SEC initiates investigation into Circle

SEC initiates investigation into Circle

The US Securities and Exchange Commission (SEC) has initiated an investigation into Circle. It said so in documents published on 4 October.

The company first reported interest from the regulator in August, but the information went unnoticed.

According to the new Form S-4, Circle received a subpoena in July 2021 demanding "documents and information regarding certain assets, customer programmes and operations".

Circle stressed that it was "cooperating fully" with the SEC as part of the investigation. The documents did not specify its scope or details.

Circle had earlier closed a $440m funding round, with investments provided by FTX, Digital Currency Group, Fidelity Management, Valor Capital Group and other venture capital firms.

In July it became known about Circle's plans to enter the stock market through a merger with SPAC Concord Acquisition Corp.

At the same time, the company also disclosed information about the USDC stablecoin, the issuer of which is a consortium of Centre, managed by Circle in conjunction with bitcoin exchange Coinbase.
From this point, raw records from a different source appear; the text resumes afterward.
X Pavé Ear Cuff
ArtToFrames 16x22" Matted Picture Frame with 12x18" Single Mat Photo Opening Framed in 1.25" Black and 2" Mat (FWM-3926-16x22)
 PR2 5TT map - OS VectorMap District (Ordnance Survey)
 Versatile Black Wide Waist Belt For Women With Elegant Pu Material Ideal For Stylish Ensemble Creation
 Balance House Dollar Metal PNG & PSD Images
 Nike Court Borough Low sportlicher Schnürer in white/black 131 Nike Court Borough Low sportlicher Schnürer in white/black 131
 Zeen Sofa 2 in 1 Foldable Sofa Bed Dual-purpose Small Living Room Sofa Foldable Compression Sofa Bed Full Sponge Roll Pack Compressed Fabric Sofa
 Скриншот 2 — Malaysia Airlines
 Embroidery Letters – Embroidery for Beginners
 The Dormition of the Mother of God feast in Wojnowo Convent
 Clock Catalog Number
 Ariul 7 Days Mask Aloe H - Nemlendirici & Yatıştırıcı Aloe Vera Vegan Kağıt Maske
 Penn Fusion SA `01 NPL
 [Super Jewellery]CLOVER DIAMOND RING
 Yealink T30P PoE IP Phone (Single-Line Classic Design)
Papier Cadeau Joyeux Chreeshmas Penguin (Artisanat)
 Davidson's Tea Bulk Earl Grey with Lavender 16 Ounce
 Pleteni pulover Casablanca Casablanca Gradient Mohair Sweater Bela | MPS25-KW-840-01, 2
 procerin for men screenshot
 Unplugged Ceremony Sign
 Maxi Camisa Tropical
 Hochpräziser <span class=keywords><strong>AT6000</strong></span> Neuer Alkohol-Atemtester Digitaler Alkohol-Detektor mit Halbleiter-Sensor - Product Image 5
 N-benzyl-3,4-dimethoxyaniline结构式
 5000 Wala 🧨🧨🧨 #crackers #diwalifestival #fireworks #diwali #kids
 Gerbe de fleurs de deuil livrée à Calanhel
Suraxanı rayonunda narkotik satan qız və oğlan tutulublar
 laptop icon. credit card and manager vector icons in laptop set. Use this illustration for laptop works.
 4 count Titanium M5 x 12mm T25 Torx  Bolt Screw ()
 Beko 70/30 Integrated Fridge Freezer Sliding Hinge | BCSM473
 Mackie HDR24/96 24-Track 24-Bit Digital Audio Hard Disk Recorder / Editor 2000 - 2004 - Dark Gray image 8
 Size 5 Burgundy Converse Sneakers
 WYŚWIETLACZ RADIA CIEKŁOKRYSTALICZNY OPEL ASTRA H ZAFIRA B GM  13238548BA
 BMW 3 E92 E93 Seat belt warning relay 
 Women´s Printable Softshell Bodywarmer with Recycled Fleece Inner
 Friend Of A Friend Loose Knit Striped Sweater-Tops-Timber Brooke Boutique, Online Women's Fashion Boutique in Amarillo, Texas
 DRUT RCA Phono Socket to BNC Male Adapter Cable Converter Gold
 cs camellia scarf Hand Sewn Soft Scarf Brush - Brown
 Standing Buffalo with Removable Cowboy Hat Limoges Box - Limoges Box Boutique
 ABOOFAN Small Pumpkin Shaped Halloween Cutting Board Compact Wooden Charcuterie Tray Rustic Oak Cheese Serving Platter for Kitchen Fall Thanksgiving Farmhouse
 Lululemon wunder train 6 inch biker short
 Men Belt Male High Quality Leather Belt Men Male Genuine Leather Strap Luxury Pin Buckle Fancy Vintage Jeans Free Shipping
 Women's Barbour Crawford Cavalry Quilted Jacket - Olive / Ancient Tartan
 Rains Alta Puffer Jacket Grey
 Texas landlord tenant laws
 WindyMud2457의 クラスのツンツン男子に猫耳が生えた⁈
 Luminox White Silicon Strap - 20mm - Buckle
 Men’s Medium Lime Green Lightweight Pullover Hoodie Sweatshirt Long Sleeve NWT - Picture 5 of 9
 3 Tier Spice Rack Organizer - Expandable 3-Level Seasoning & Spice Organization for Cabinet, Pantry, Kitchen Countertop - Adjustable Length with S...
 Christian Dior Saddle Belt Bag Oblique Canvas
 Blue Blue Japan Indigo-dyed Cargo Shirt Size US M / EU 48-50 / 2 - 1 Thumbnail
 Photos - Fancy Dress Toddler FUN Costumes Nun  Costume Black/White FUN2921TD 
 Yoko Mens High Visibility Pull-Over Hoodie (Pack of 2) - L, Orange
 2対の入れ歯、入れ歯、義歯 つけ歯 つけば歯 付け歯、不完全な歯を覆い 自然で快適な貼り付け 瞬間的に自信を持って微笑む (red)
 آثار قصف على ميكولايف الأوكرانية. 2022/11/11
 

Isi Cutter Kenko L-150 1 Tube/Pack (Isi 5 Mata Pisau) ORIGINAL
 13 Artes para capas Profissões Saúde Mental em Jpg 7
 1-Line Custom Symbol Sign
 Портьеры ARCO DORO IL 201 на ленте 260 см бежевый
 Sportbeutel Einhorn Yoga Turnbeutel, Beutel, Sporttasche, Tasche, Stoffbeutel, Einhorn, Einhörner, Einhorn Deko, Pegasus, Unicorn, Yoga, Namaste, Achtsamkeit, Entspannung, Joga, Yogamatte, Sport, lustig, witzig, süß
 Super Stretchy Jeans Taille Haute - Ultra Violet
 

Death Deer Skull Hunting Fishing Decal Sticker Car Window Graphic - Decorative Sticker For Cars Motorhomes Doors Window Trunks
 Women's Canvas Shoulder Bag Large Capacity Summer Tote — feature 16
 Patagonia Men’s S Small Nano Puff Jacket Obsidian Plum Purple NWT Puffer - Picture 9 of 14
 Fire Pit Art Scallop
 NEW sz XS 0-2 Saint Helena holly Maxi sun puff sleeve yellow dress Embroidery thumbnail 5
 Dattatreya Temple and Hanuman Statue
Most of the 'stablecoin' is backed by US dollars, with the remainder backed by bonds and other highly liquid assets.

Later, USDC reserves promised to be converted into dollars and treasury bills.

In August, CEO Jeremy Allaire said Circle would become a "commercial cryptocurrency bank with full reserves". Its operations will comply with requirements from the Fed, the US Treasury, the OCC and the FDIC.

Recall that over the summer, US Treasury chief Janet Yellen called for an acceleration in the development of a regulatory framework for Stablecoin.

SEC Chairman Gary Gensler called stabelcoins "poker chips for casinos in the Wild West", and the US Senate said there was a need for full cash for these digital assets.

In October, WSJ sources said that US President Joe Biden's administration was exploring the possibility of including stablercoin issuers in the legal framework. They could face the same requirements used to regulate the banking industry.